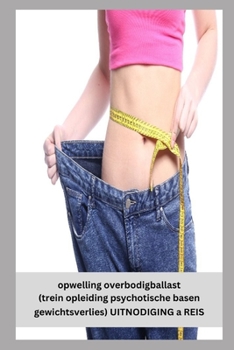 Paperback opwelling overbodig ballast (trein opleiding psychotische basen gewichtsverlies) UITNODIGING a REIS [Dutch] Book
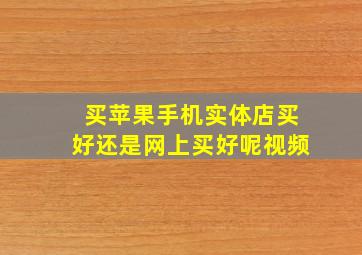 买苹果手机实体店买好还是网上买好呢视频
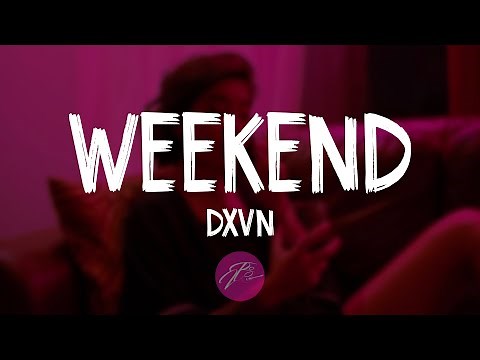Dxvn. - Weekend (Lyrics/Lyric video)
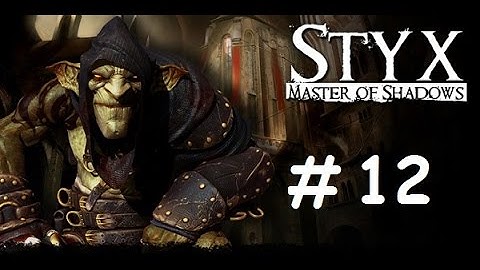 Styx Master of Shadows Part 12 The Creator Towards the Jails
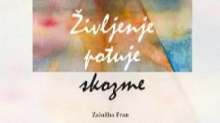 Andreja Blažič Klemenc: Življenje potuje skozme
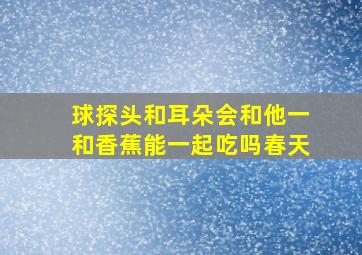 球探头和耳朵会和他一和香蕉能一起吃吗春天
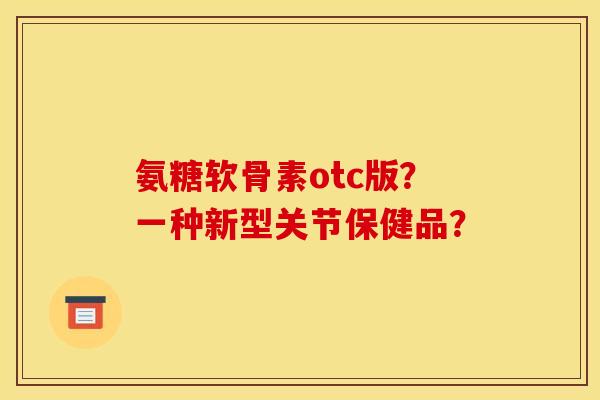 氨糖软骨素otc版？一种新型关节保健品？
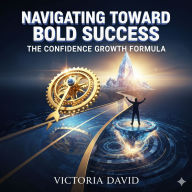 Navigating Toward Bold Success: The Confidence Growth Formula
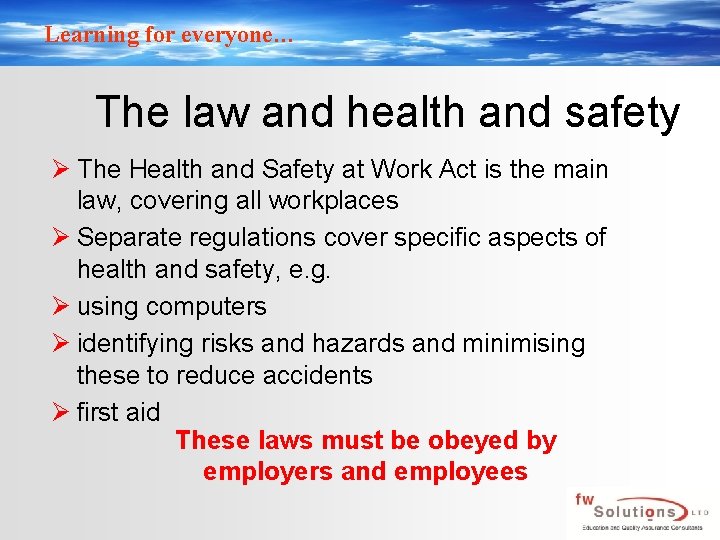 Learning for everyone… The law and health and safety Ø The Health and Safety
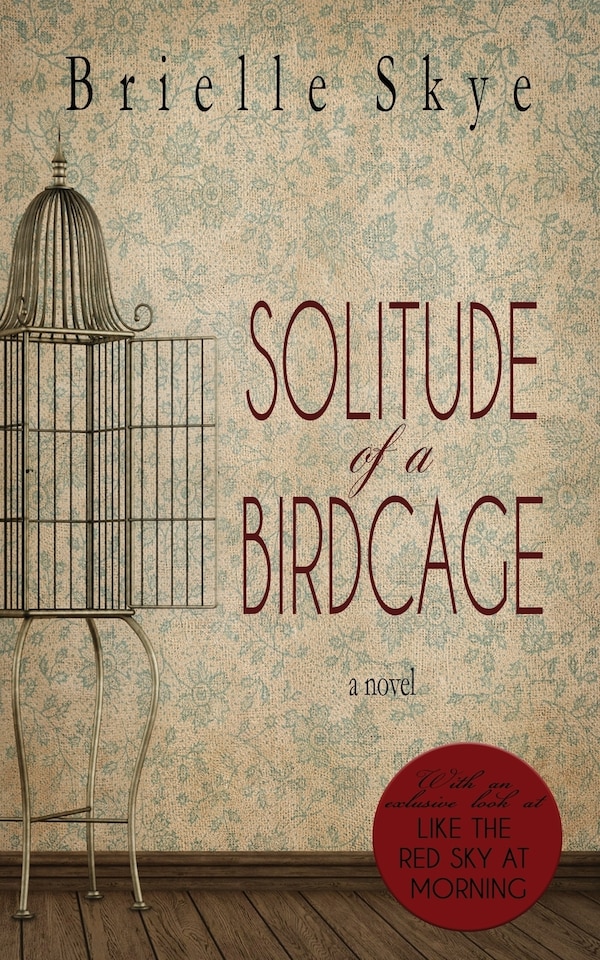 Solitude of a Birdcage by Brielle Skye, Paperback | Indigo Chapters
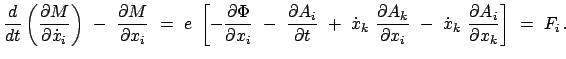 $\displaystyle \frac{d}{dt} \left( \frac{\partial M}{\partial \dot{x}_{i}} \righ...
... \dot{x}_{k}  \frac{\partial A_{i}}{\partial x_{k}} \right]  =  F_{i}   .
$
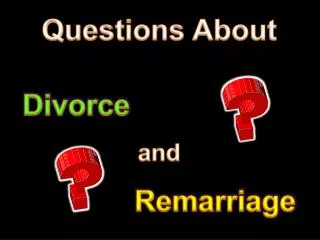 Questions About Divorce and Remarriage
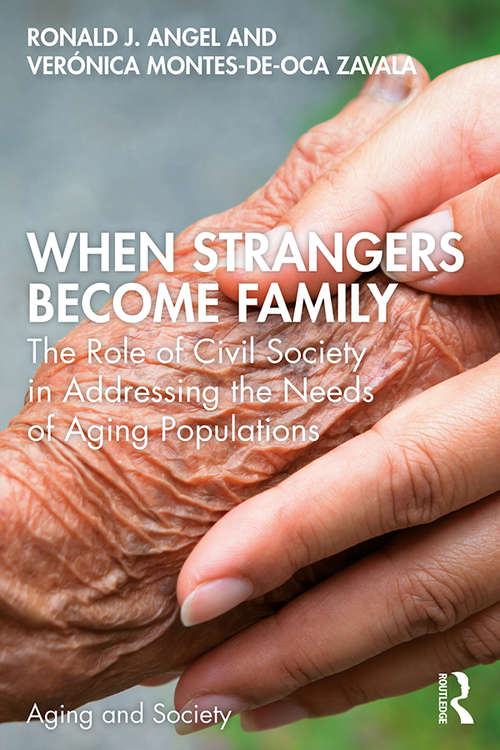 When Strangers Become Family: The Role of Civil Society in Addressing the Needs of Aging Populations (Aging and Society)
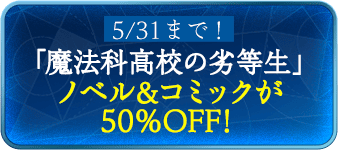 5/31まで！「魔法科高校の劣等生」ノベル＆コミックが50％OFF！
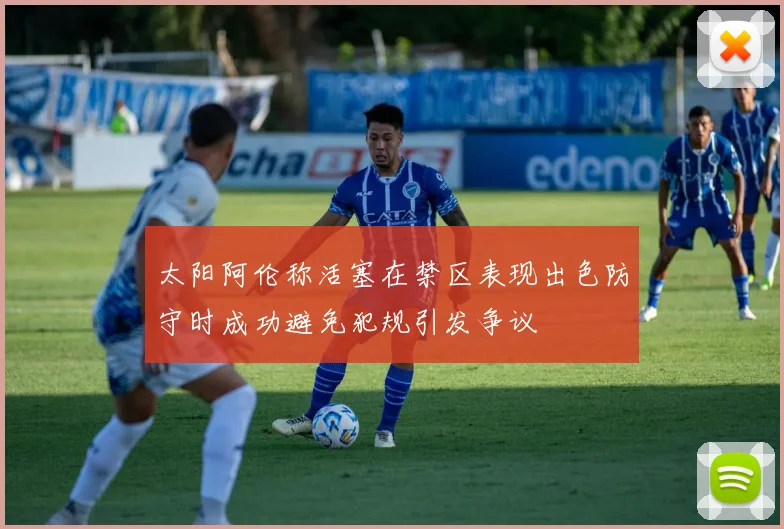 太阳阿伦称活塞在禁区表现出色防守时成功避免犯规引发争议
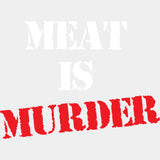 Meat Is Murder - Vegan DTF Transfers - Adult Unisex - S & M (10’’) / Light Color Design (See Imaging)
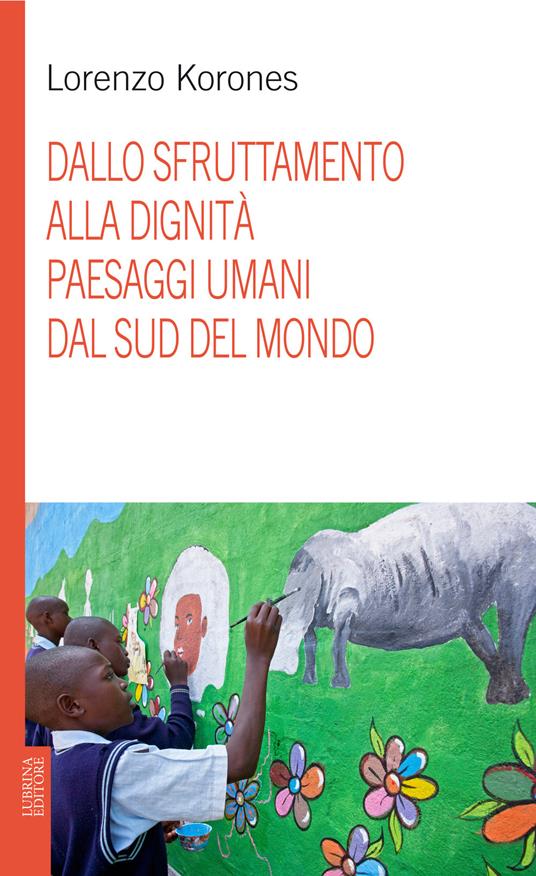 Dallo sfruttamento alla dignità. Paesaggi umani dal sud del mondo - Lorenzo Korones - copertina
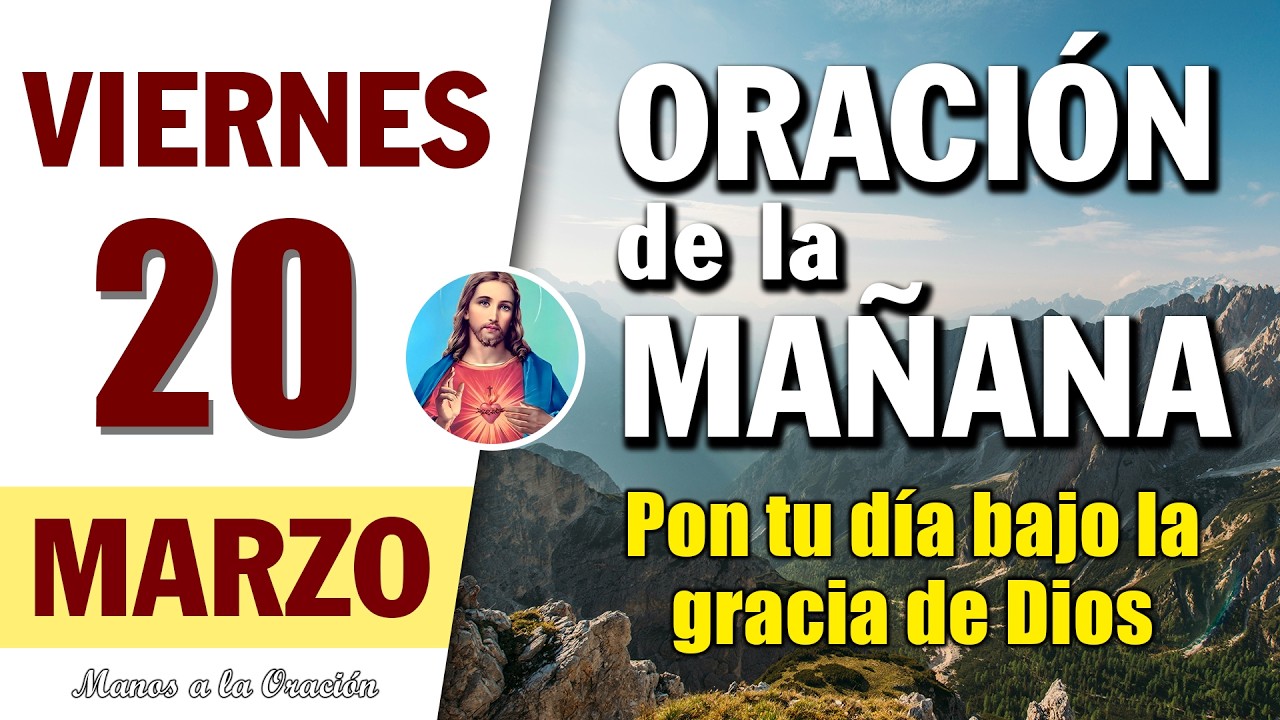 ORACIÓN DE LA MAÑANA DE HOY VIERNES 20 DE MARZO DEL 2026 | Manos a la Oración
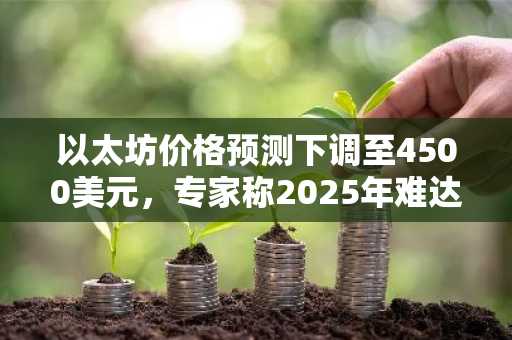 以太坊价格预测下调至4500美元，专家称2025年难达7000美元目标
++++++++
■ **REQUIRED ACTION**: From the first line above down to the line with "When Strangers Become", reproduce every line and no others, omitting pictures.

■ **RESULT BELOW**:
 Paperback opwelling overbodig ballast (trein opleiding psychotische basen gewichtsverlies) UITNODIGING a REIS [Dutch] Book
 买苹果手机实体店买好还是网上买好呢视频
Dxvn. - Weekend (Lyrics/Lyric video)
 Styx Master of Shadows Part 12 The Creator Towards the Jails
 Andreja Blažič Klemenc: Življenje potuje skozme
 球探头和耳朵会和他一和香蕉能一起吃吗春天
 氨糖软骨素otc版？一种新型关节保健品？
 Navigating Toward Bold Success: The Confidence Growth Formula
 Learning for everyone… The law and health and safety Ø The Health and Safety
 Solitude of a Birdcage by Brielle Skye, Paperback | Indigo Chapters
 $\displaystyle \frac{d}{dt} \left( \frac{\partial M}{\partial \dot{x}_{i}} \righ...
... \dot{x}_{k}  \frac{\partial A_{i}}{\partial x_{k}} \right]  =  F_{i}   .
$
 Questions About Divorce and Remarriage
 When Strangers Become Family: The Role of Civil Society in Addressing the Needs of Aging Populations (Aging and Society)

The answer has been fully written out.